Iraq and Gulf Analysis

Maliki Makes a Concession to Basra Regionalism?

Posted by Reidar Visser on Sunday, 10 May 2009 23:59

News reports from Basra suggest that Iraq’s Prime Minister Nuri al-Maliki has made an interesting concession to regionalist sentiment in the southern oil-export city of Basra. According to a statement by the spokesman of the new governor in Basra (who is also a Maliki ally), one half US dollar will henceforth be deducted from every barrel of oil exported from Basra and placed in a special development fund for Basra.

In some ways, the move could be seen as compatible with – and indeed inspired by – the 2005 constitution, where a general provision for a temporary positive discrimination of particularly deprived governorates through the use of oil revenue is found. Most statistical surveys single out Basra as the area of Iraq where living standards remain at the lowest level, in glaring contrast to the governorate’s position as the major oil producer and exporter in Iraq.

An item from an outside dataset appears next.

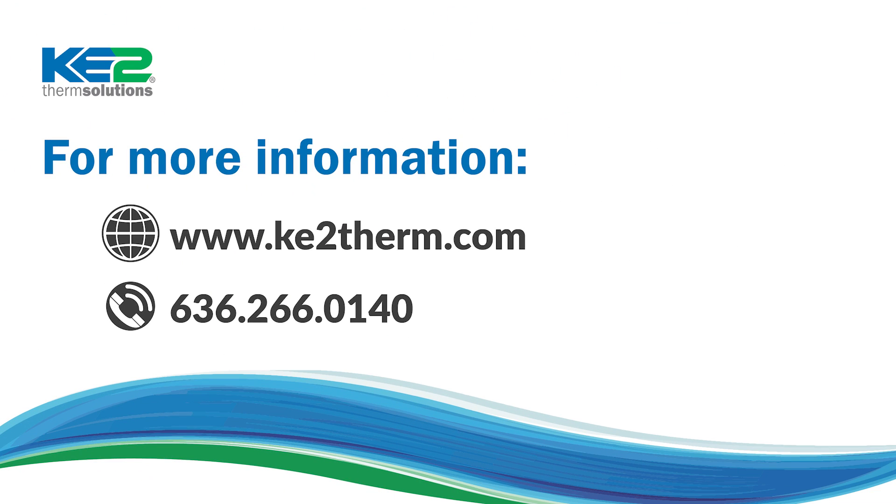For additional information, please visit our website or contact our technical support team.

However, while the relevant constitutional clauses focus on deprivation, the link to Basra’s role as producer has other roots. The half-dollar deduction will meet a long-standing demand by Basra politicians that their area’s role as the kingpin of Iraq’s economy be reflected in some kind of special political privilege. Actually, back in December 2007, Basra politicians of the Fadila party proposed an arrangement which is remarkably similar to what is now being talked about as a governmental “decision”: Basra should receive one dollar per barrel of oil exported from the south. The difference between Fadila in 2007 and Maliki in 2009 of half a dollar can reasonably be attributed to the general decline in oil prices and a bit of bazaar-style haggling between centre and periphery.

While one incarnation of Basra regionalism was roundly rejected by the local citizens as they chose to ignore the federalism initiative headed by Wail Abd al-Latif in the winter of 2008/2009, the apparent decision of a centralist like Nuri al-Maliki to make concessions to local sentiment even after his particularly strong result in Basra in the January provincial elections testifies to its survival in other forms. One cannot help wondering, though, whether this is really a decision that the prime minister is in a position to make without at least a little consultation with the Iraqi parliament?